I remember when my chem teacher (G. TUTS!) shook a can for a while, then she pushed it a few times against a table and everything was fine. No strawberry soda exploded throughout the room, and someone got a free drink with most of the gas still keeping the drink fizzy. So how was that possible? No, she did not do the patented Dorian three tap method. Though that would have been hilarious to see the explosion. It all has to do with pressure and volume. By decreasing the volume and squishing the can against a desk, the pressure increased within the can. The gas that had formed into threatening bubbles waiting to explode in my face dissolved back into the liquid because of that pressure. When the volume is brought back to normal, the pressure lessens, but since there's no interference from shaking, the bubbles that did dissolve stayed within the pepsi. Repeat a few times, and the soda is alright. No problem.

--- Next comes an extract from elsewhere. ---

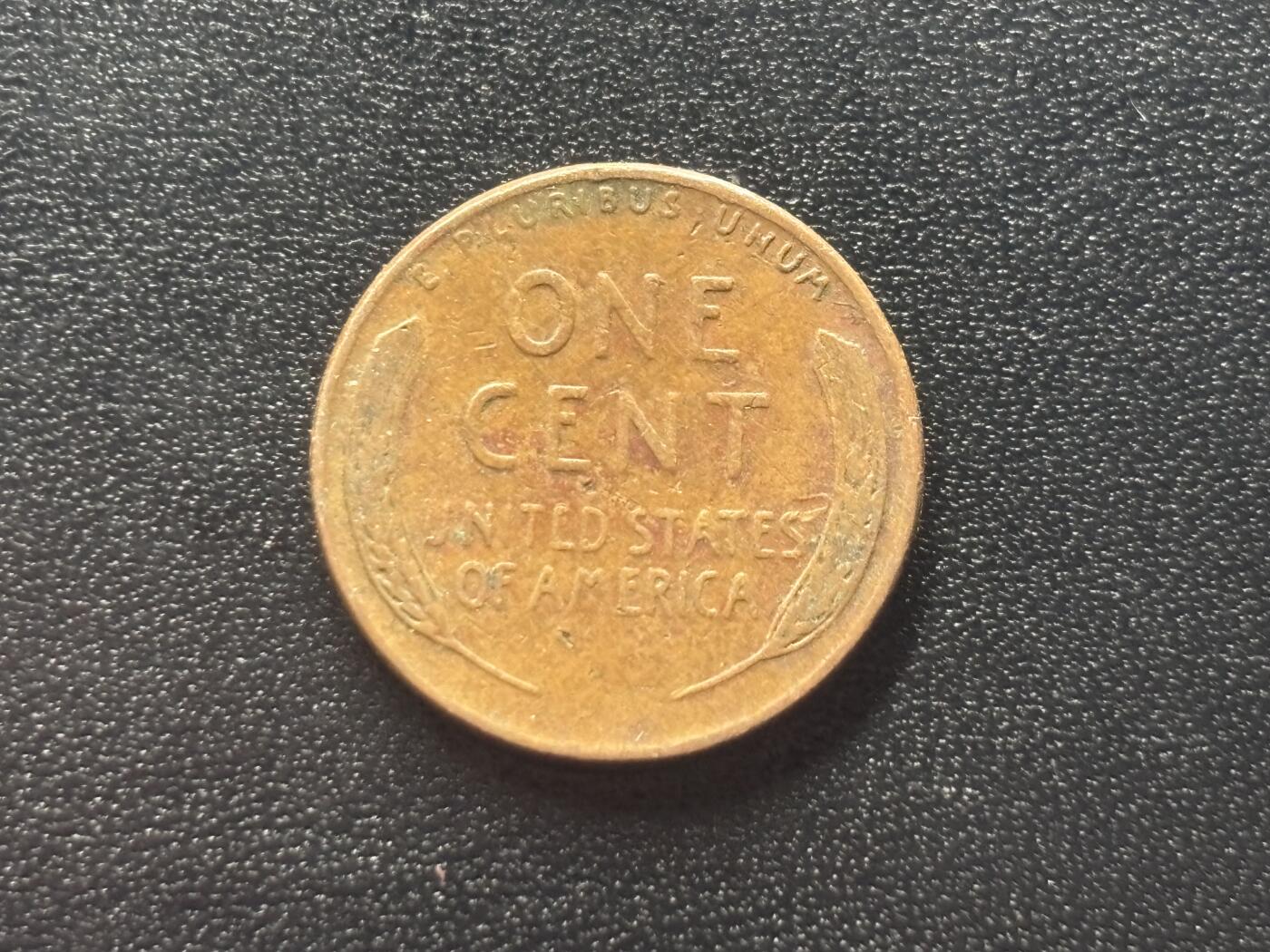 邮泉阁限时拍卖第四十三场（硬币在国外。请付邮费6元。） 美国1957年1分D版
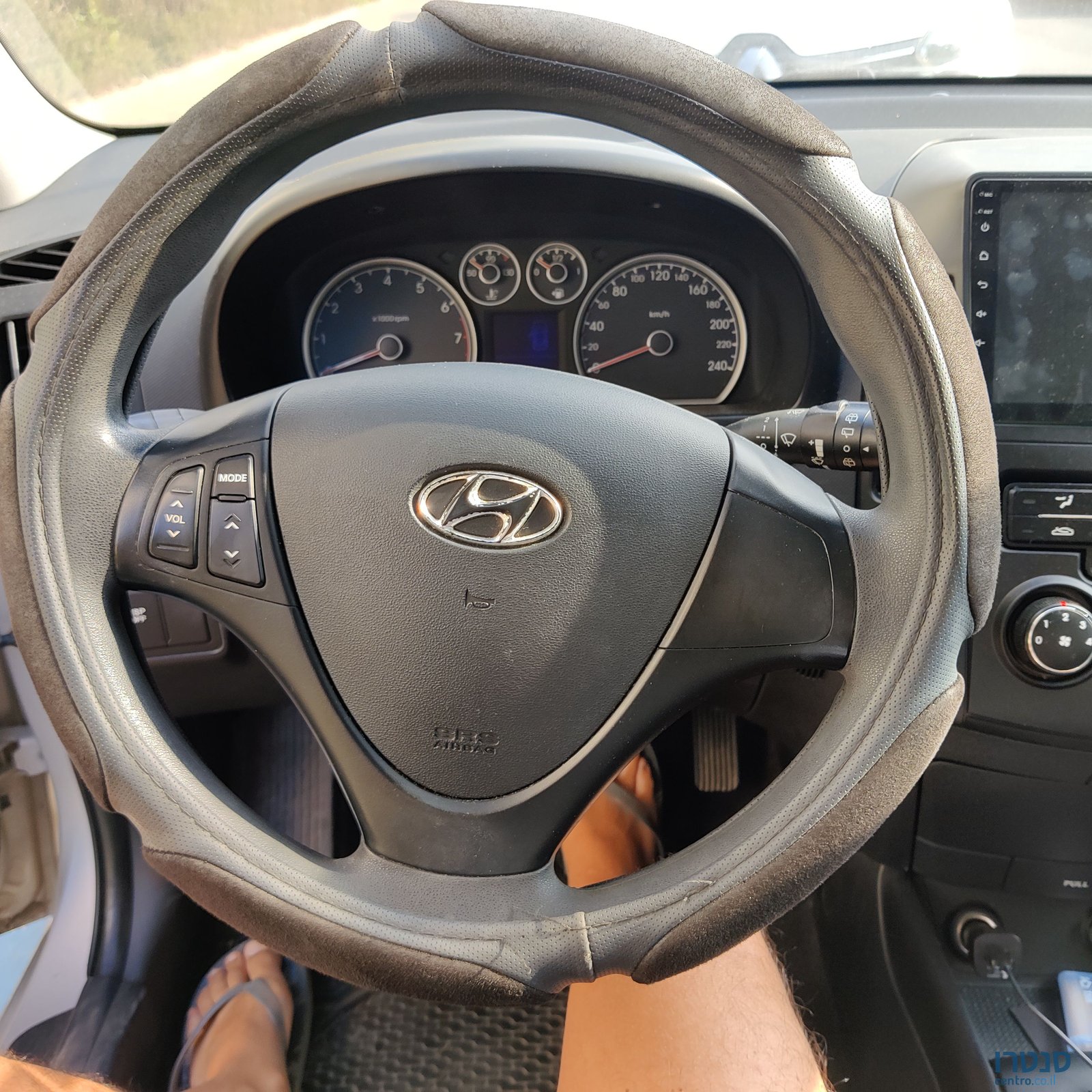 2009' Hyundai i30 יונדאי photo #3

PV=nRT will stay with us forever, guys. We just gotta accept it. *sigh* Before I wrap this up, bonus photo for whoever stayed awake 'til the end!
I haven't seen my teeth that straight ever! It's been a long three years, but it's totally worth it (believe me, if you saw my smile beforehand, your face would have melted like those guys from Raiders of the Lost Ark). Not sure if I'm kidding...
Yay for no braces! Yay for Pepsi (Pepsi >>>>>>>>>>>>>> Coke)! YAY FOR NO BRACES!